Two days later, a rescue team reached Sapper Hackett and his comrades on the battlefield. Sapper Hackett helped three of the men to safety but the fourth was so seriously injured that he could not be moved. William Hackett refused to leave his comrade saying, ‘I am a tunneller, I must look after the others first.’ Fresh shelling caused the tunnel to collapse and the two men lay together under the fields. Hackett was the only tunneller to be awarded a VC. When his wife was asked why she thought her husband gave his life in this way, she said that her would have thought, ‘What would my feelings be if I was lying helpless and nobody would stay with me. I must go to him, even if we both go under.’
The battlefield story does not end there. The crater was named The Red Dragon Crater to mark the losses of the 2nd Battalion of the Royal Welch Fusiliers who fought so courageously to repel the enemy suffering heavy losses. B Company alone lost 54 men. Some of these had been buried in the explosion. In 1926 a farmer found the remains of some of them. Four of them were found together in a dug-out near the edge of the crater. Lance Corporal Thomas Williams from Anglesey was identified by his pay book and letters in his pocket. Fred Vale from Birmingham was identified by his pay book and his disc. Bert Price from Newbridge on Wye had a pair of wire cutters with his name of the handle. James Wyllie, the youngest of the group at 19 had his pay book, a diary and some letters from home. They are buried side by side in Cabaret Rouge Cemetery.

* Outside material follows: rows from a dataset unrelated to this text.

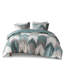 Ensembles de literie hypoallergéniques avec rembourrage en polyester, style turquoise moderne pour la maison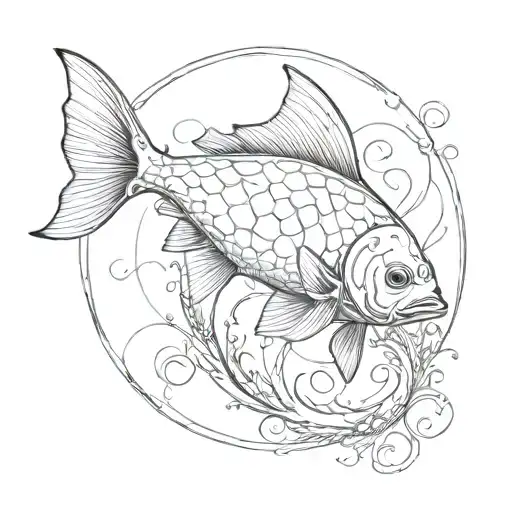 ichthys symbol tattoo design idea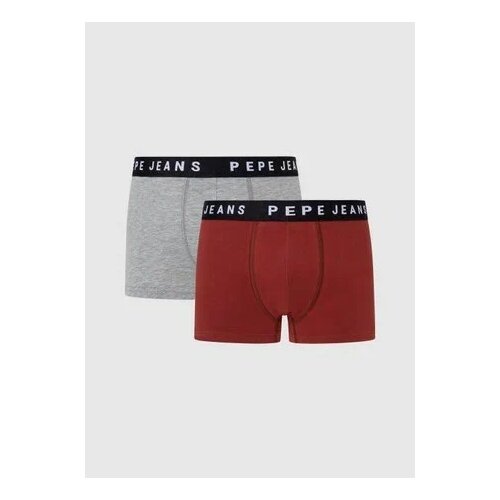 Трусы Pepe Jeans, 2 шт, серый, бордовый (серый/бордовый) - изображение №1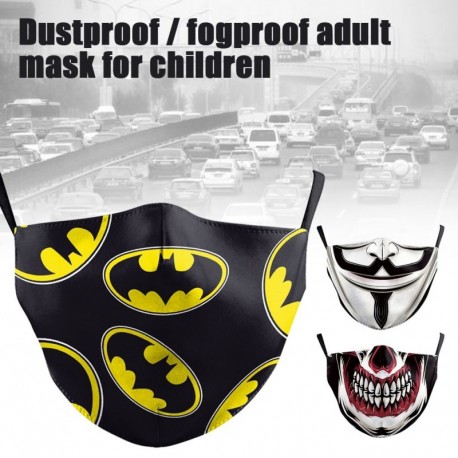 Koponya fog Joker Batman cosplay Újrafelhasználható mosható divat maszk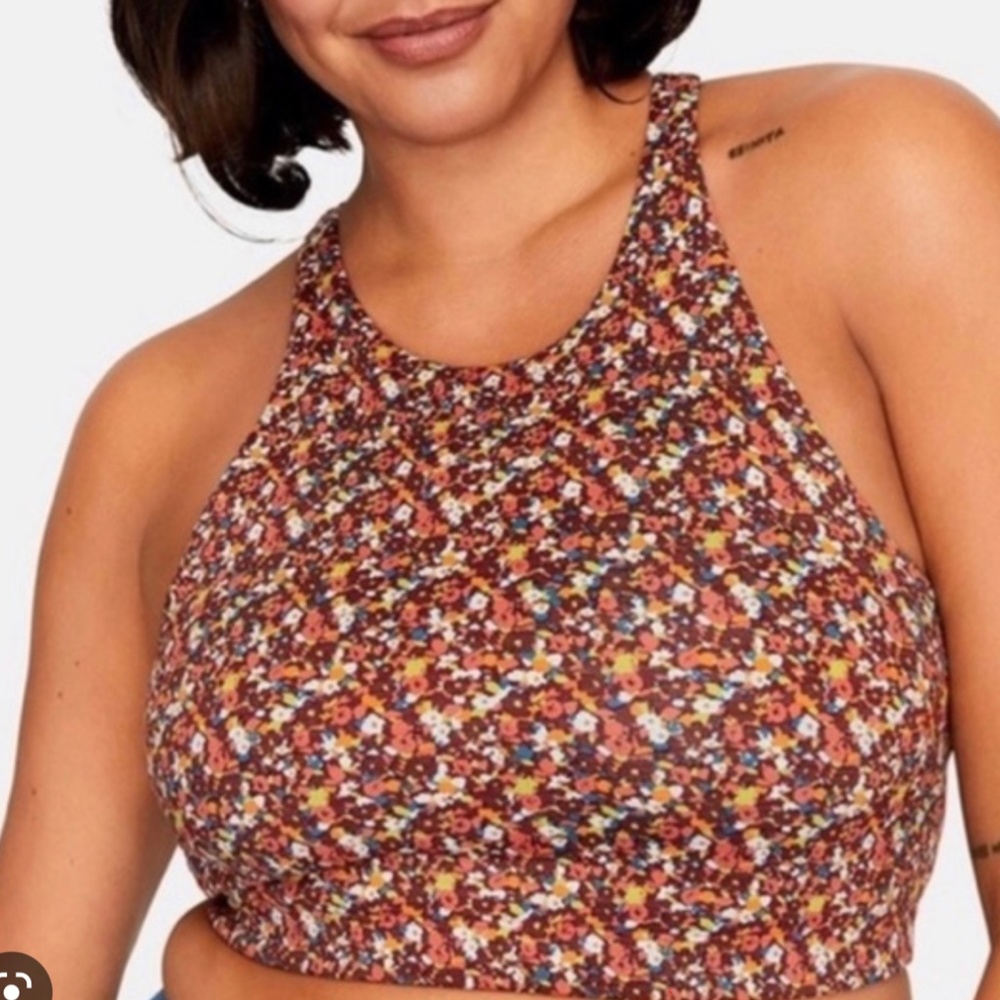 Outdoor Voices Sweat Tech Floral Sports Bra Small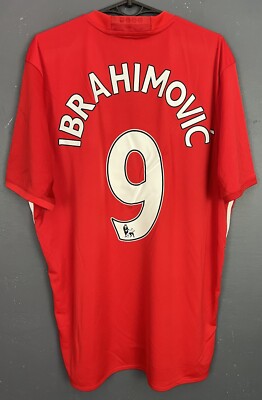 Maillot Manchester United 2016/17 Ibrahimovic #9 Taille XL - Occasion Bon État 4/5
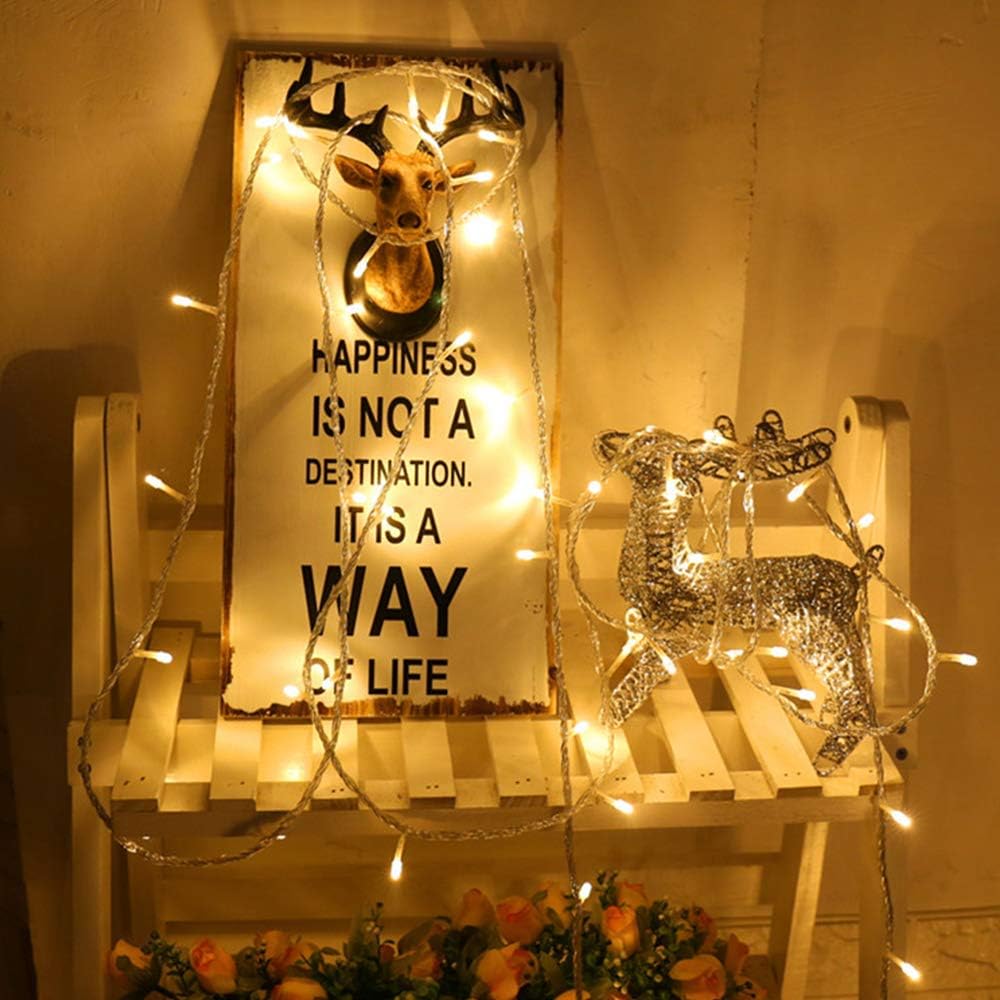 98FT 200 LEDs String Lights Waterproof Fairy Lights 8 Modes with Memory 30V UL Certified Power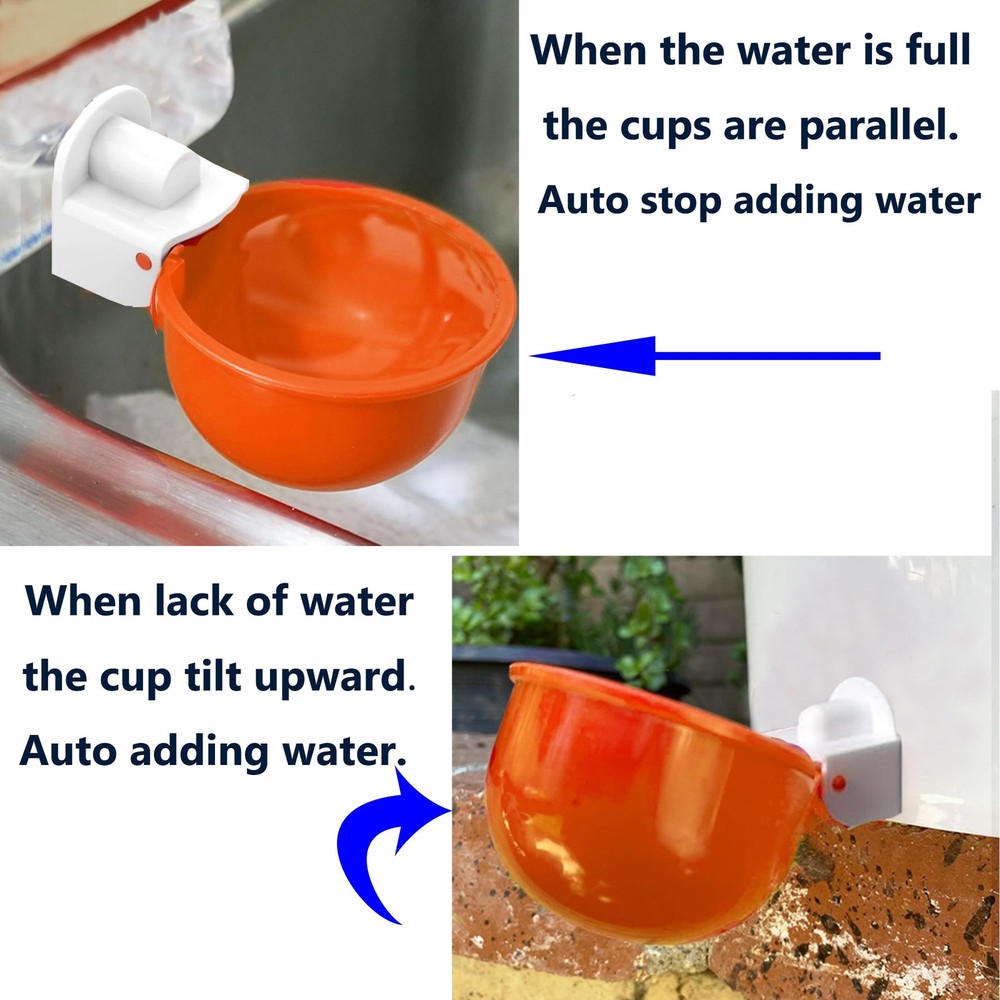 8pcs Large Automatic Chicken Waterer Cups | Chicken Water Feeder Suitable for...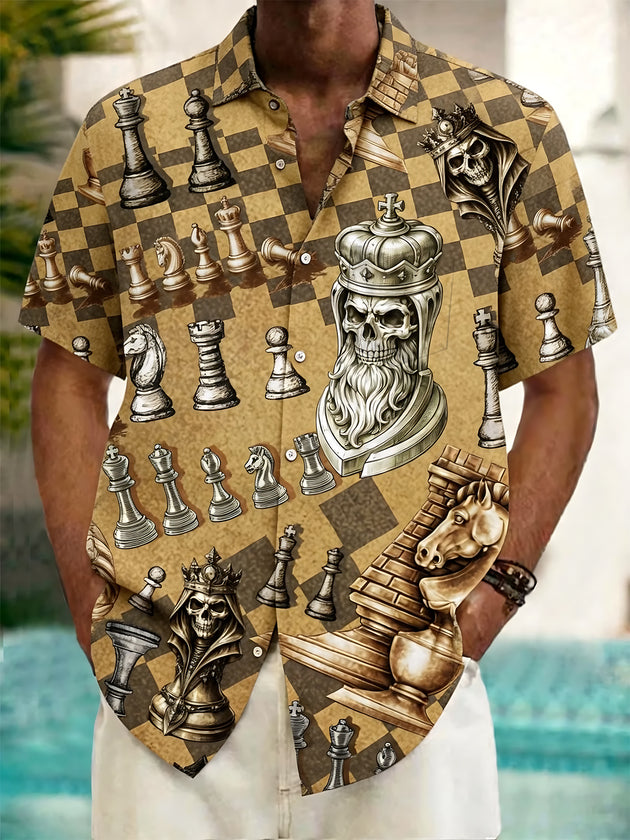 men's vintage style shirt front view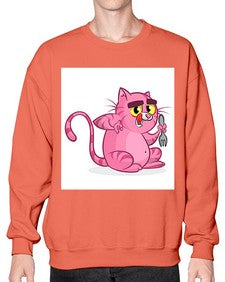 Cat 71# - cartoon animals- Sweatshirt - Crew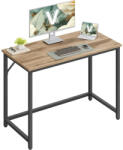 VASAGLE Íróasztal 100 × 50 × 76 cm karamell barna-fekete színben (LWD041K01) - tutihome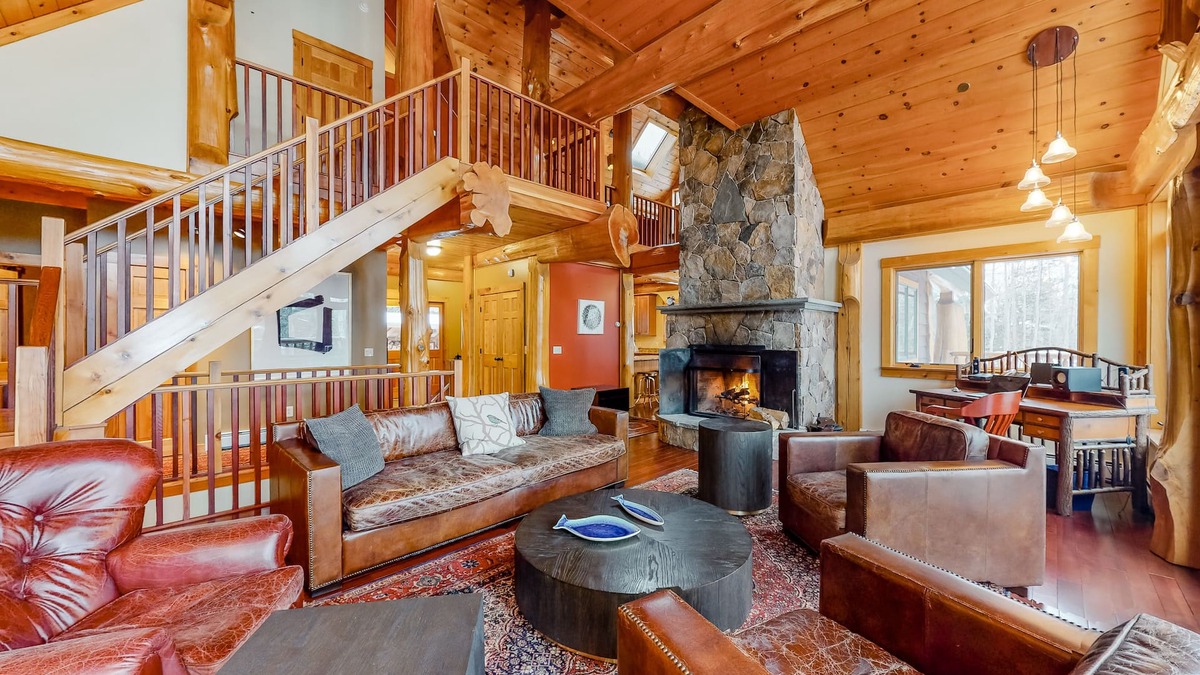 Carrabassett Valley House | Expansive Getaway with Mountain Views, Hot Tub, Home Theater & Game Room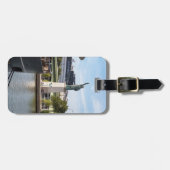 Replik der Freiheitsstatue - Paris, Frankreich Gepäckanhänger (Vorderseite horizontal)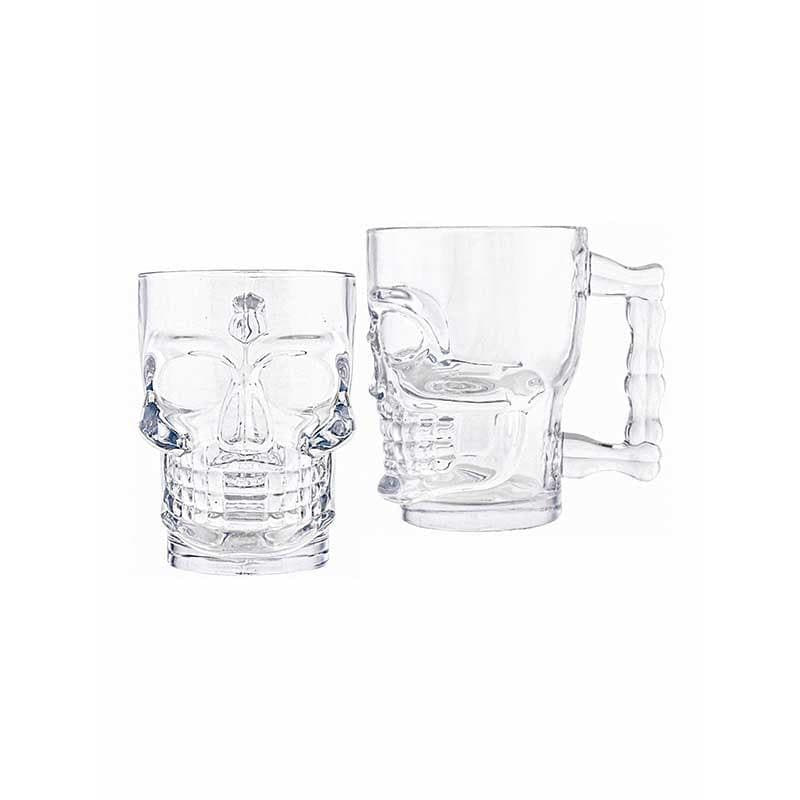 Buy Skull's Got It Beer Mug (520 ml ) - Set of Two Beer Mugs from Vaaree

Two officers were also found. 2nd Lieutenant Trevor Allington Crosland had a gold disc. On the reverse side the words ‘Good Luck’ were engraved. He had a gold match case with his initials, TAC, the date 19 March 1916 and the words ‘Good Luck from Jack’. He had only been in France for six weeks when he met his death. The farmer also found the remains of Captain Owen Price-Edwards who was identified by his disc. Both officers are also buried in Cabaret Rouge Cemetery.